Unsolved:Lajos Pap

From HandWiki
Lajos Pap (middle)

Lajos Pap (1883–1941) was a Hungarian carpenter and spiritualist medium.[1][2]

Career

Lajos Pap was originally investigated by the psychical researcher Chengery Pap in the 1920s in a series of experimental séances. He was alleged to have produced apport and psychokinetic phenomena. Various dead and living animals were discovered after his séances such as frogs, lizards, mice and snakes.[2] Chengery Pap stored many of these specimens in a museum. However, it was destroyed during World War II and only photographs remain. The scientific reception to the experiments was not favourable. In 1928, Theodore Besterman from the Society for Psychical Research attended séances and concluded the phenomena were fraudulent.[2]

In 1935, Lajos Pap was investigated by the International Institute for Psychical Research in London by the psychoanalyst Nandor Fodor. He reported that the phenomena were fraudulent and not evidence for the paranormal.[2] During the séance a dead snake appeared. Pap was searched and was found to be wearing a device under his robe, where he had hidden the snake.[3]

Other psychical researchers such as Harry Price also considered Pap to be a fraud and his mediumship discredited.[4]

References

  1. Anderson, Rodger. (2006).
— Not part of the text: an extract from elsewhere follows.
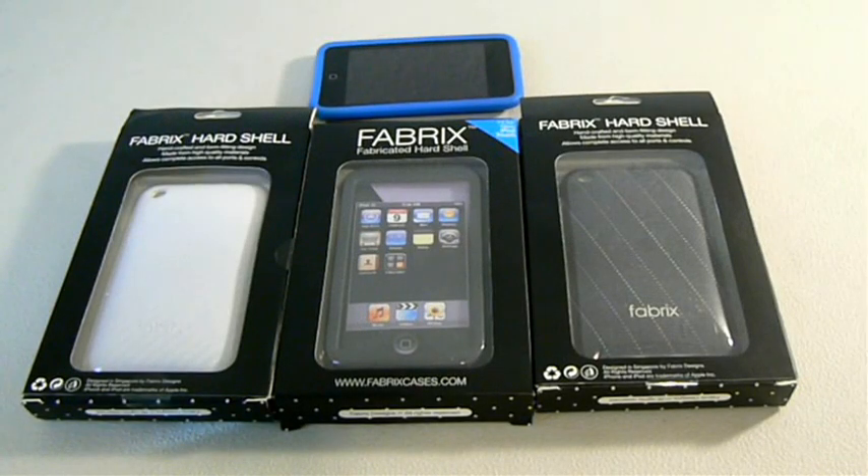Hey YouTube, it's TechSportConBad and I have another unboxing for you guys. This unboxing is brought to you by FabricsCases.com. They sent me these three cases and I'm going to be unboxing one of them and giving away all three of them in another video.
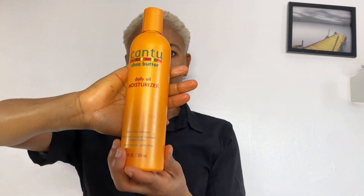One of the best moisturizers I know of is the Kansu Daily Oil Moisturizer. You can use it daily — it's affordable, it's not heavy at all. I use it and I love it. I don't moisturize my hair every day; I moisturize about three times a week, or it all depends.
Psychics, Sensitives and Somnambules: A Biographical Dictionary with Bibliographies. McFarland & Company. p. 132. ISBN:978-0-7864-2770-3
  2. 2.0 2.1 2.2 2.3 Gyimesi, Júlia. (2014). Between Religion and Science: Spiritualism, Science and Early Psychology in Hungary. International Psychology, Practice and Research 5: 1–20.
  3. Fodor, Nandor. (1960). The Haunted Mind: A Psychoanalyst Looks at the Supernatural. Helix Press. pp. 100–122
  4. Price, Harry. (1939). Mechanics of Spiritualism. In Fifty Years of Psychical Research. Longmans, Green & Company.

Further reading

  • Theodore Besterman. (1929). Report of a Four Months' Tour of Psychical Investigation. Proceedings of the Society for Psychical Research 38: 409–480.
  • Nandor Fodor. (1936) The Lajos Pap Experiments. International Institute for Psychical Research. Bulletin II.